私が一度は訪問してみたいなと思う国鉄戦力外路線の一つに、いわゆる豊前川崎駅~油須原駅までをショートカットで結ぶ計画だった「油須原線」がある。この路線に関しては、当初は石炭産業の強化を図る目的でショートカット路線を建設するのが主たる理由だったが、需要低下で必要ないと判断。しかし、「俺はまだやれる!」という当時の自治体の思惑で強引に突き進もうとするも、結局はムリという理由で建設を断念し、一度も1軍マウンドに上がることなく戦力外通告を受けている。現在は分岐点となる赤村側が不定期でトロッコ列車を運行し、当時の想いを伝えているそうだ。
絶対に必要と叫ぶ地域ほど、実は自治体の視点のみで語られた主観であり、客観的にみて日本全体の経済発展に繋がる路線であったのかどうかで考えると、我田引水的に建設された路線の多くが「ココに鉄道があると便利なのに」という単純な想いから来ている。もちろん、その考え自体は実に結構な話だし、利便性向上に繋がって地域産業の発展に繋がるのであれば、実にハッピーハッピーな展開になるだろう。

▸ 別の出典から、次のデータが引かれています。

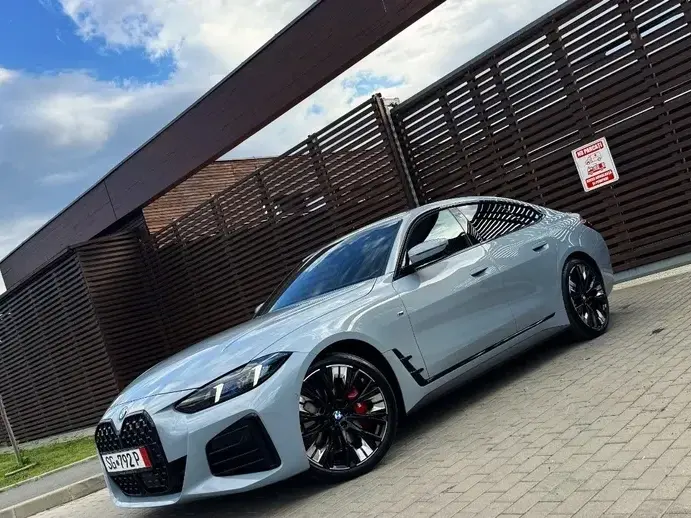 BMW Seria 4 G22/G23/G26 420d xDrive Sport-Aut. M Sport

しかし、鉄道路線(さらには高速道路網)が整備されればされるほど、より一層の大都会一極化が進む(最初は日帰り旅行で福岡・北九州へ向かい、それが面倒になってくるとそこに移転し、村の人口が減っていくストロー効果)という現実が待っている。プロ野球選手同様、現実はそんな単純な話ではない。
現代社会において、戦力外通告を受けた路線の当時の遺品を見ていく上で、過去と現代、そして未来を考える上で、失敗を繰り返さないようにするための先人たちのヒントが隠されているのではないかと考える。利便性を選ぶ反面、その代償で衰退化という選択肢を受け入れるのか、はたまた部分改良程度で我慢し、出来るだけ既存の公共交通機関を積極的に利用する手段を受け入れるか。そして、時代が変化し続けても、その地域で生き残っていくための愛郷心があるかどうか。そうした風に違う視野で物事を考えると、公共財に対する捉え方も随分と変わってくるはずである。
難しく考える必要はないが、せめて国鉄戦力外路線から学び続ける社会が今後も続いて欲しいと願う。
誰にでも交通モード転換の岐路は、必ず来る。新たな地域社会に立ち向かい、第2の人生を歩み始める沿線自治体・支えてくれる地域住民・多くの旅行客に、心からのエールを贈りたい。